Here are the thoughts of this passage:
If you don’t think about this you either haven’t read your New Testament, or you haven’t understood it. Jesus is coming back very soon. The night will be over. Intelligent Christians orient their activities to the coming kingdom of light - not this present kingdom of darkness.
Repeat those words carefully in your mind. They say more than many Christians think. Paul is not just saying “Don’t get drunk,” or “Don’t be sexually impure.” This belittles and misses Paul’s point entirely. Paul is saying “Don’t ever put yourself in the kind of environment where drunkenness is a feature, don’t hang around with people who are sexually careless, don’t go places with your friends Friday night where carousing is a source of fun!”
Romans 13:14 - “But put on the Lord Jesus Christ, and make no provision for the flesh, to gratify its desires.”
Do you remember a few years back when there was such a scare about mad cow disease in England? Did you watch all the cattle being bulldozed in those huge pits and set on fire? Hundreds of thousands of animals were destroyed. Very few of them actually had mad cow disease.

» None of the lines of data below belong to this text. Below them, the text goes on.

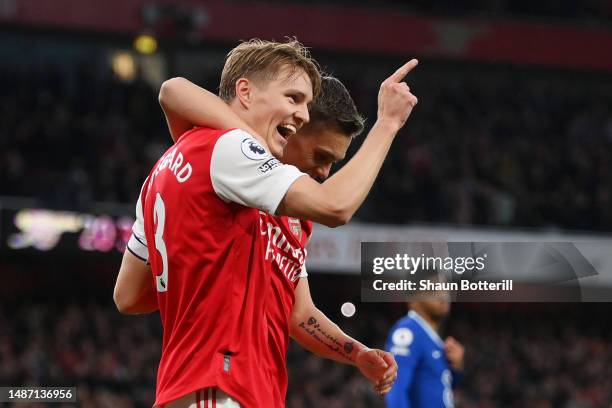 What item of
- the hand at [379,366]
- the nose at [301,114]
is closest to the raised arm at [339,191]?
the nose at [301,114]

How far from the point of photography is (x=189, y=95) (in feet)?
10.4

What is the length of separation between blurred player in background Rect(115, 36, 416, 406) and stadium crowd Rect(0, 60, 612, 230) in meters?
13.5

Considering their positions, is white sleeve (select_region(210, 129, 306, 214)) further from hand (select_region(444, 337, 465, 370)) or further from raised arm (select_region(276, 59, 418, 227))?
hand (select_region(444, 337, 465, 370))

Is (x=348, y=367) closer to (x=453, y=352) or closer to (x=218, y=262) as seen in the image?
(x=453, y=352)

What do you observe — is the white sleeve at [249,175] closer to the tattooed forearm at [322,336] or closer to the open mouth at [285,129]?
the open mouth at [285,129]

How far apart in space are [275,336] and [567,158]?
1826cm

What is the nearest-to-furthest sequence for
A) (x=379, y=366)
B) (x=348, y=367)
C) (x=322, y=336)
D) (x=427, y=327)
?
(x=379, y=366)
(x=322, y=336)
(x=427, y=327)
(x=348, y=367)

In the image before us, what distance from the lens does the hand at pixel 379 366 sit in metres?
3.50

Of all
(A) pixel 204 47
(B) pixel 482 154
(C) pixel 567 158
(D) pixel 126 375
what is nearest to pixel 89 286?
(D) pixel 126 375

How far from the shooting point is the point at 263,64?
3.07m

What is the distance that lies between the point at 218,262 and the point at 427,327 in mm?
4484

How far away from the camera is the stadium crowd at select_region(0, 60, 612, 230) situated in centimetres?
1747

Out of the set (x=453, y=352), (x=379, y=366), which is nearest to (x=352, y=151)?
(x=453, y=352)

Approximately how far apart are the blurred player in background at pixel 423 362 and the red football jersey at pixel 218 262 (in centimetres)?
405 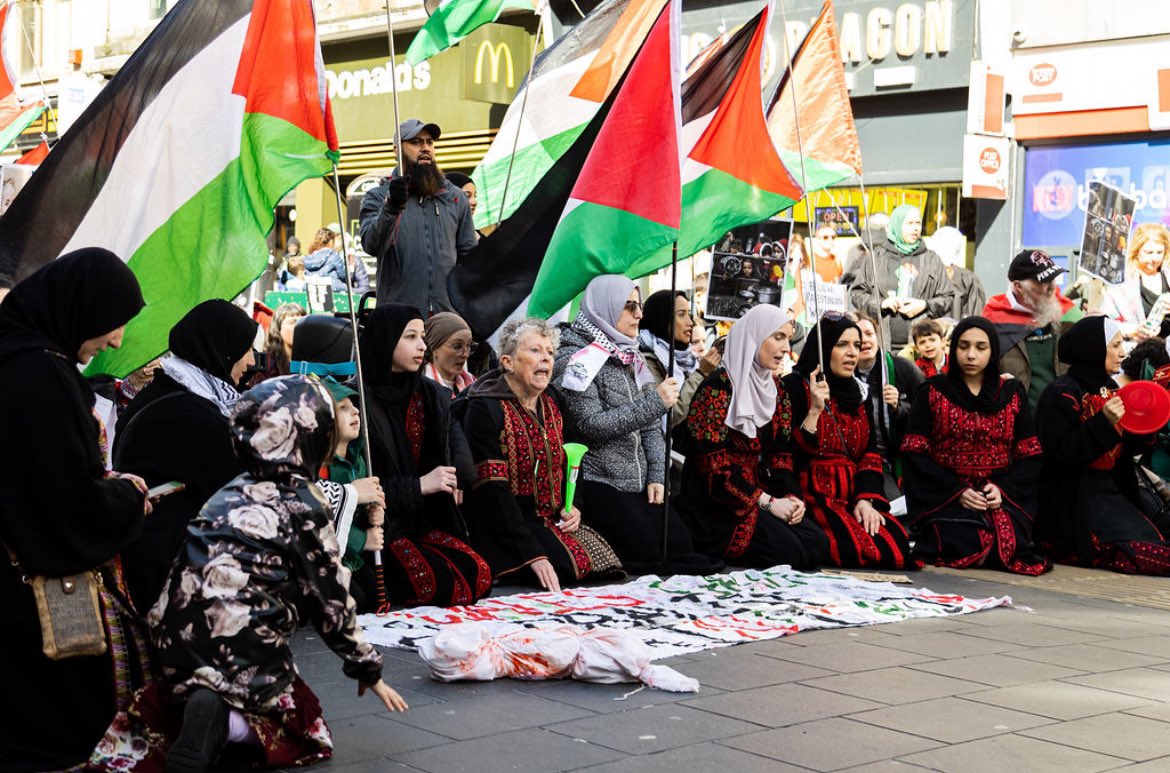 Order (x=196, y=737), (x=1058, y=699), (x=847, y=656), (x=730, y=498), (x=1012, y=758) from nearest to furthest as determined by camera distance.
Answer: (x=196, y=737) → (x=1012, y=758) → (x=1058, y=699) → (x=847, y=656) → (x=730, y=498)

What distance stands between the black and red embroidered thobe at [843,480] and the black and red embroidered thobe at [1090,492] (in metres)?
1.10

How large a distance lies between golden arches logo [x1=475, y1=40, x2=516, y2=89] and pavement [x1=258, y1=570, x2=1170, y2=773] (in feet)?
59.3

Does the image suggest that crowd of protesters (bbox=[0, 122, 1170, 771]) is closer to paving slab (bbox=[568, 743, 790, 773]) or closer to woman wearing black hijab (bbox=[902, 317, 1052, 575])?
woman wearing black hijab (bbox=[902, 317, 1052, 575])

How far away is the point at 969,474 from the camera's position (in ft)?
33.3

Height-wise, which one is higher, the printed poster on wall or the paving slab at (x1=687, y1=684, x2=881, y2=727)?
the printed poster on wall

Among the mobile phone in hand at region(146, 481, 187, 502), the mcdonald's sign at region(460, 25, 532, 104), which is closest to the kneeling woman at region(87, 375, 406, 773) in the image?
the mobile phone in hand at region(146, 481, 187, 502)

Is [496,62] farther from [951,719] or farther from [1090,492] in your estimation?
[951,719]

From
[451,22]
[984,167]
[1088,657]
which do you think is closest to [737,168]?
[451,22]

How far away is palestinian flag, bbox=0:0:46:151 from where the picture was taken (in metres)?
13.4

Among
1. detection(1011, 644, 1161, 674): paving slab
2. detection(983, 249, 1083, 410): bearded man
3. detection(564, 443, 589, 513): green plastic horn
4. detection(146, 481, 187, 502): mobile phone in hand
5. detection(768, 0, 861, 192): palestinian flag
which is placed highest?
detection(768, 0, 861, 192): palestinian flag

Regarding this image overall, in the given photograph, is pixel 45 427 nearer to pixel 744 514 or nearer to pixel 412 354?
pixel 412 354

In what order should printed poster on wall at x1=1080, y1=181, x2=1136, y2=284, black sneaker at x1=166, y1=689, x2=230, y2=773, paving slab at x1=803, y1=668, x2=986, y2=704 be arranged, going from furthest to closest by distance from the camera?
printed poster on wall at x1=1080, y1=181, x2=1136, y2=284
paving slab at x1=803, y1=668, x2=986, y2=704
black sneaker at x1=166, y1=689, x2=230, y2=773

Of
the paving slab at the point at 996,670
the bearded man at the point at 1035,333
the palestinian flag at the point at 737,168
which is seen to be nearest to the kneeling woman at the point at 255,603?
the paving slab at the point at 996,670

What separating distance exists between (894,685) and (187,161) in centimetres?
362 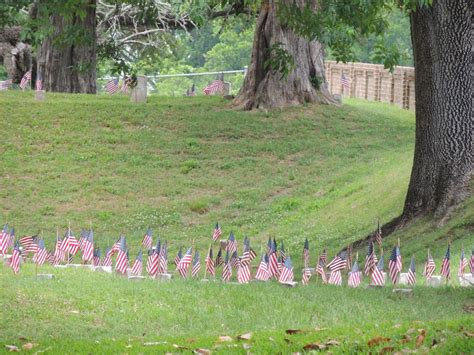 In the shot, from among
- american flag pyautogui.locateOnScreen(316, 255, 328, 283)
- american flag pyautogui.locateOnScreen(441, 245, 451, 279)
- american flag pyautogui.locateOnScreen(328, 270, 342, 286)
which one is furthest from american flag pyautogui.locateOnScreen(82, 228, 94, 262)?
american flag pyautogui.locateOnScreen(441, 245, 451, 279)

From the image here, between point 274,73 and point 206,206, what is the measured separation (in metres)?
5.70

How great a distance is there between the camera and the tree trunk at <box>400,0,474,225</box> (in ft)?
Answer: 57.3

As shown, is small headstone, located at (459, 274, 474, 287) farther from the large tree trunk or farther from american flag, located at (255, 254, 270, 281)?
the large tree trunk

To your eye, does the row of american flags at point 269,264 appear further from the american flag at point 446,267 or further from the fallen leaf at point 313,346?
the fallen leaf at point 313,346

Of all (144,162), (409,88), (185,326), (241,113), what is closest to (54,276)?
(185,326)

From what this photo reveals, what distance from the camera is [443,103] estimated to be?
698 inches

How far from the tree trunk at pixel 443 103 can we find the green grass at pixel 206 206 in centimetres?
51

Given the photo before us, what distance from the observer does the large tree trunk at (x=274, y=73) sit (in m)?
29.0

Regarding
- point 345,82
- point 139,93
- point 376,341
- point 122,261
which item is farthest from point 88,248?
point 345,82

But, unless all of them were destroyed, there was a chance that one or two might have. And they weren’t going to make any provision for the possibility of that disease spreading.
That’s the way Christians are to deal with small, but potentially deadly sins. They make no room for them. Keep the nucleus of your heart clean. Every sin feeds and fattens other sins.
Don’t give sin any momentum in your heart. And the only way to avoid sinful, self-centered choices is to allow the healing power of God’s will to shape your choices while you still have some measure of power over them. Bring God into the choices that build your heart’s nucleus. You may not realize it yet, but the night really is almost over. Life is better in the light of God’s presence and grace and power. In fact, if you knew how good it felt to live life totally committed to the Lord, with a free and clean conscience in His presence, you’d never settle for less again.